January 25, 2001
The question of whether a Family Court judge should "sign off" on an attorney's
application to be placed on a law guardian list does not in itself raise
a question of judicial ethics. But if the judge has information indicating
a substantial likelihood of professional misconduct, the judge should take
Jud. Law §243; 22 NYCRR 100.3(D)(2).
A Family Court judge advises the Committee that part of the judge's responsibility is to "sign off" on new law guardian applications. One such applicant, whom the judge had been friendly with as a fellow employee in the District Attorney's office, has completed the requirements and is ready to begin as a law guardian pending authorization by the judge.
The judge's concern is two-fold.
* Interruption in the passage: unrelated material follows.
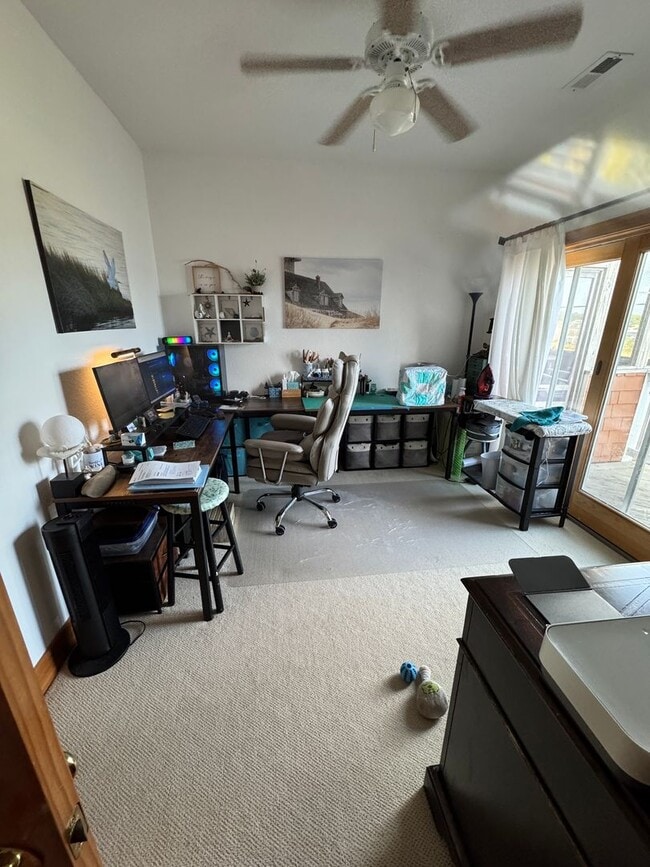 Building Photo - Top Floor Condo with Stunning Sound Views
First, the judge knows that the applicant "has been reported to the Ethics Committee" and believes that the matter, involving alleged insurance fraud is pending. Second, the applicant's spouse, a former police officer, pleaded guilty to "felony federal charges concerning (I believe) stealing drugs from a suspect." It is anticipated that the spouse and the applicant will be witnesses at an upcoming trial involving the spouse's former partner.
Based on the foregoing, the judge seeks the Committee's opinion as to whether the judge "should authorize [name] to become a law guardian knowing [he/she] faces ethics problems and will probably be involved in a difficult and very public case as a witness."
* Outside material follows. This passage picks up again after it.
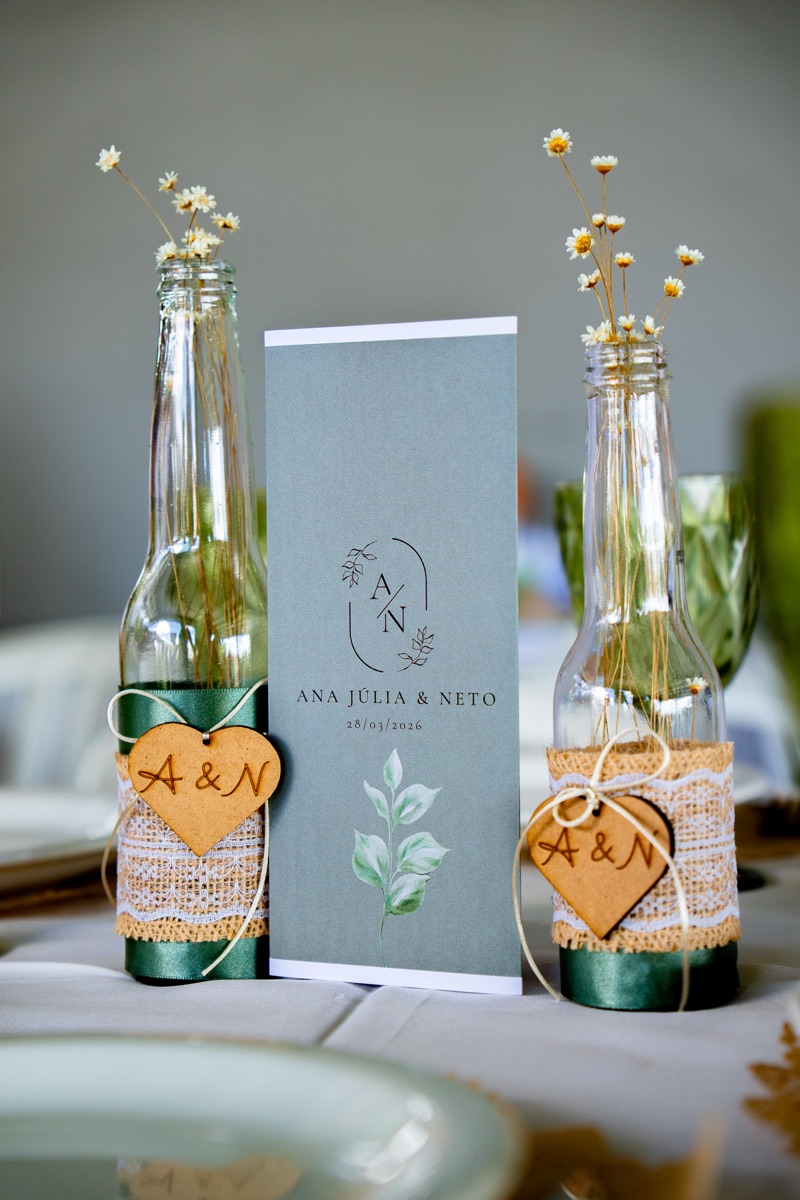 Garrafinhas personalizadas A&N na mesa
It is the view of the Committee that the circumstances referred to by the judge do not, in and of themselves, raise questions of judicial ethics. The mere fact that the attorney may be a witness in a "public case" does not appear to call for action by the judge. As to an investigation for possible "insurance fraud," it is unclear what the basis of the judge's knowledge is. We note that as a matter of judicial ethics, "[a] judge who receives information indicating a substantial likelihood that lawyer has committed a substantial violation of the Code of Professional Responsibility shall take appropriate action." 22 NYCRR 100.3(D)(2). If that is the situation, and the judge has information which, in the judge's view, casts substantial doubt on the applicant's fitness to practice law, then the judge's duty is clear. If, however, the judge has knowledge only of what has become public knowledge, i.e. of an ethics investigation, the judge should consider whether it should be brought to the attention of the Appellate Division, which under section 243 of the Judiciary Law, is the appropriate authority over law guardians. Moreover, if on the other hand, the judge does not possess such information, and the person is placed on the law guardian list, this does not mean that the judge is barred from considering the matters alluded to in determining whether the circumstances as such may interfere with the person's ability to represent a particular party in a proceeding in the judge's court. Should that be the case, the judge may opt not to make the appointment in that matter.